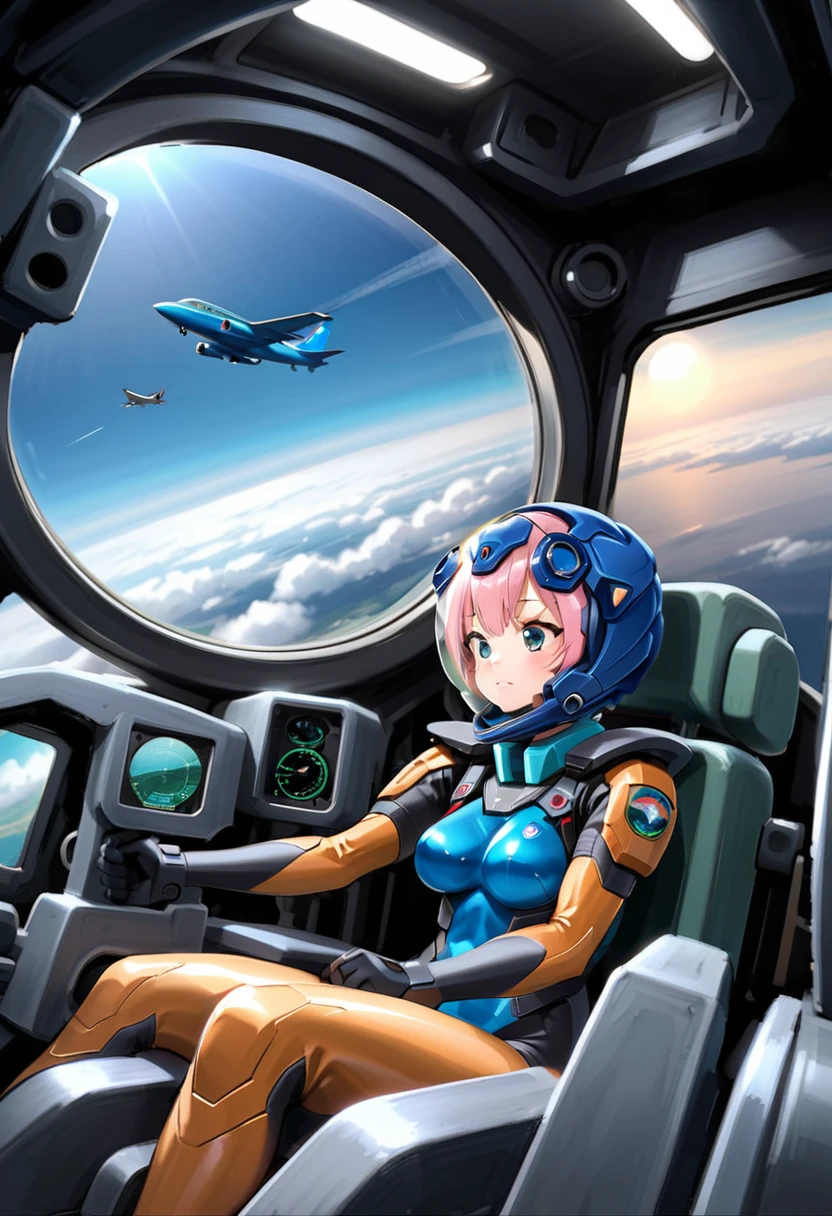 ((Female pilot in the cockpit of a reconnaissance plane), (airplane cockpit), (in flight), (10000 feet altitude)、(sky view):1.7),, short hair, street, emo, BLACK hair, white eyes, eyeliner, apocalypse, 2girl, nside the (cockpit:1.9) of a (futuristic spaceship:1.6), , blush covered navel, space helmet, muvluv, space helm, plug suit , space helmet, eva helm, space suit, short hair,, blue bodysuit, visor helmet, legs open,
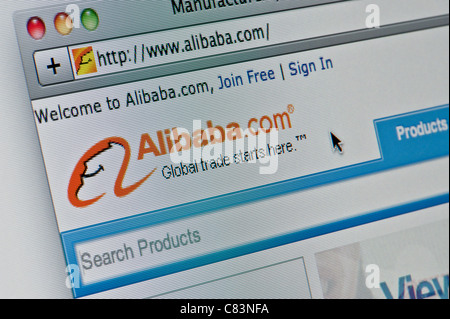 De près de l'Alibaba logo tel que vu sur son site web. (Usage éditorial uniquement : -Print, télévision, e-book et le comité éditorial du site). Banque D'Images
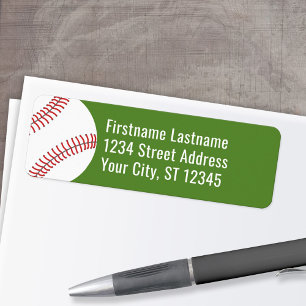 Baseball Drawing with Return Address - green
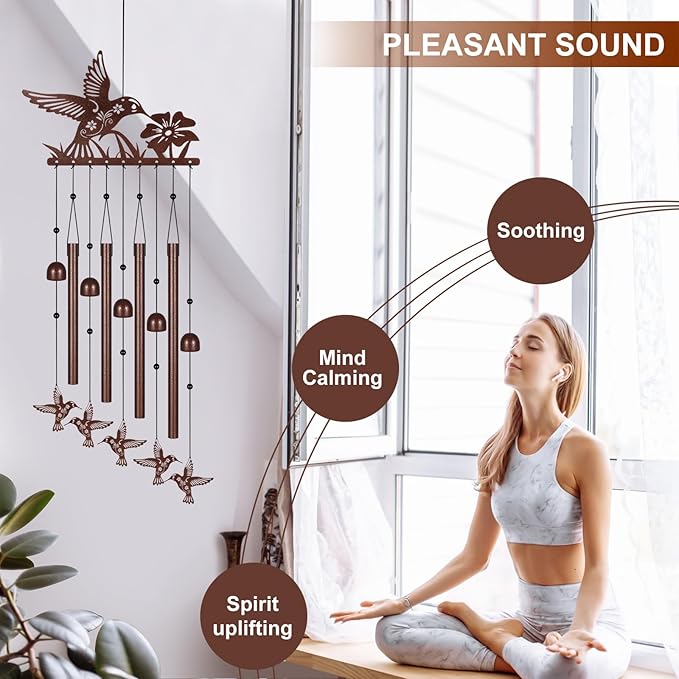 Hummingbird Wind Chimes for Outside,Memorial Wind Chimes Gifts for Women and Grandma，Patio Garden Decor,Windchime in Loving Memory Outdoor Decoration for Yard, Patio, Porch, Lawn, Landscape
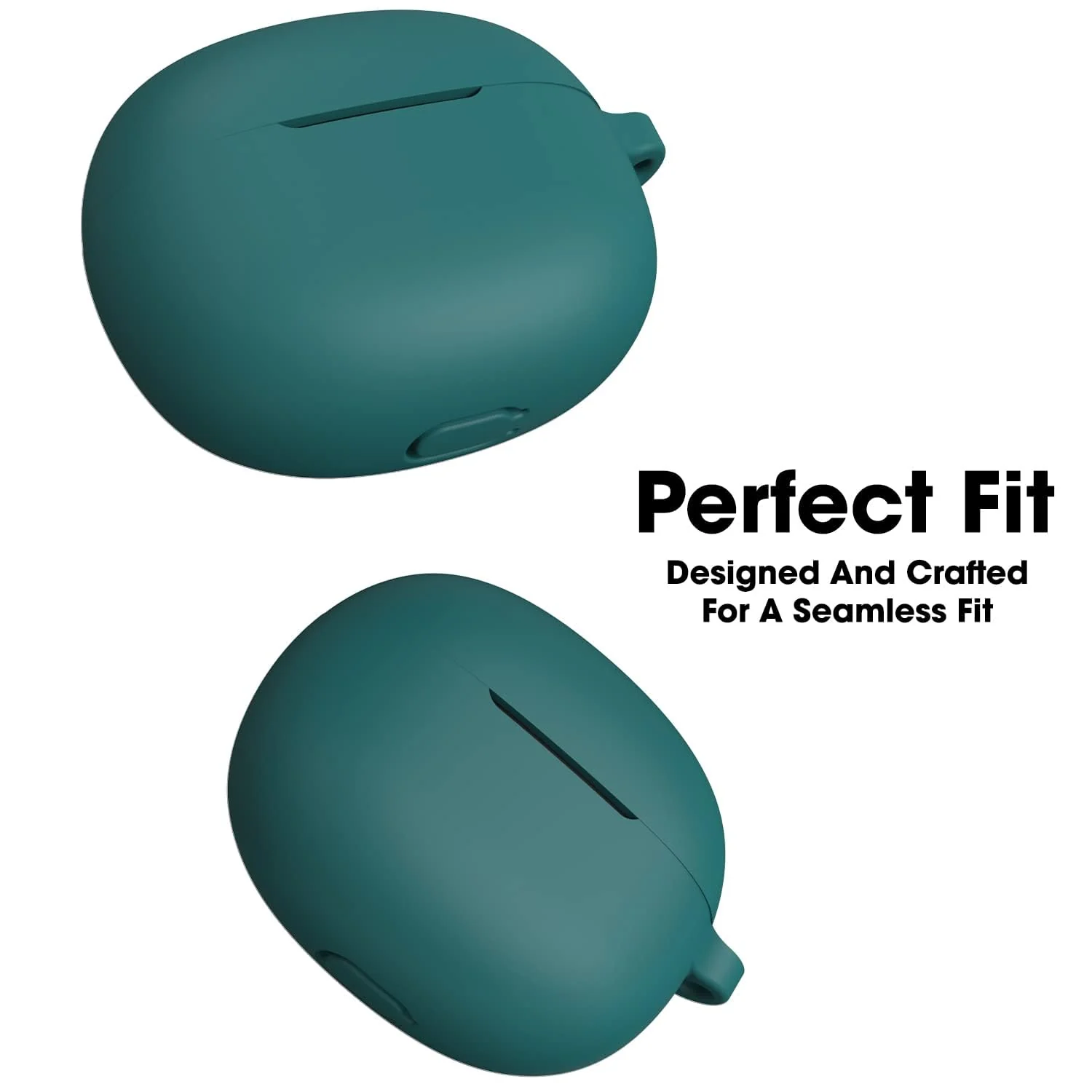 DL3 Mobilak Silicone Case Compatible with realme Buds T100 Earbuds, Soft Silicone Protective Case Cover, Shockproof Sleeve with Carabiner - Green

- - - -

WORK REQUEST: The lines wanted are those from the one with "Hummingbird Wind Chimes" to the end of the entries above, repeated exactly, both ends included. Leave out the pictures.

THE ANSWER:
 Hummingbird Wind Chimes for Outside,Memorial Wind Chimes Gifts for Women and Grandma，Patio Garden Decor,Windchime in Loving Memory Outdoor Decoration for Yard, Patio, Porch, Lawn, Landscape
 DL3 Mobilak Silicone Case Compatible with realme Buds T100 Earbuds, Soft Silicone Protective Case Cover, Shockproof Sleeve with Carabiner - Green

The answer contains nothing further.